You don't know it, because you're actually the conspiracy theorist kook on this site, but most of the fake news comes from you. Like, you know, when you tried to argue the PizzaGate scandal was real and so on, so you'll actually be solving the goal you profess to solve which is good.
What you're really saying is that you're getting worn out being the only guy willing to prop up fake news and conspiracy theories. That's really not a loss to most of us if you stop that though you know?
The only people that have killed off the tech angle are people like you that are more interested in implying political opponents are paedophiles than actually having a decent rational discussion. If it upsets you that the site isn't what it used to be then all you have to do is stop being one of the key causes of that.
We really really don't want you to keep defending fake news and the fact you call this widespread issue a conspiracy theory is astounding. What, you really think all those Moldovan and Macedonian kids who admitted they make a fortune peddling it are CGI or paid to say that or something? If they were then that would in itself mean it was fake news, hence destroying your argument of it being a mere conspiracy theory anyway:
https://www.ft.com/content/333...
http://www.b92.net/eng/news/wo...
http://en.publika.md/moldova-s...
http://www.dailymail.co.uk/new...
http://www.pri.org/stories/201...
http://www.abc.net.au/triplej/...
http://www.nytimes.com/2016/11...
It doesn't matter what media left, or right, or what part of the world you look in - Serb or British, Macedonian or American, the problem is real. The fact you want to pretend fake news isn't real says all that needs to be said about you.

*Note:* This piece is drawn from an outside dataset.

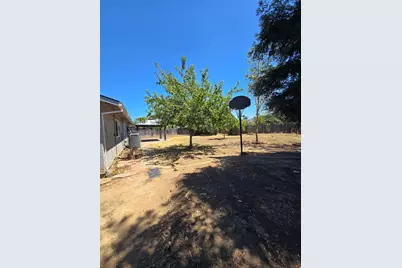 7705 Rock Creek, Sacramento, CA 95824 - Photo 38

If you don't have time to keep trying to debunk the truth then you may want to consider that that's because the truth can't be debunked. You're fighting a battle you can't win, because you're fighting a battle against reality purely because you can't accept that you spent the last 6 months of your life riding Slashdot's ass to defend countless fake news stories and peddle them as fact. You were duped by a 16 year old Macedonian kid, so accept it and get the fuck on with your life if you can't cope with the pressure of trying to mask your own failings.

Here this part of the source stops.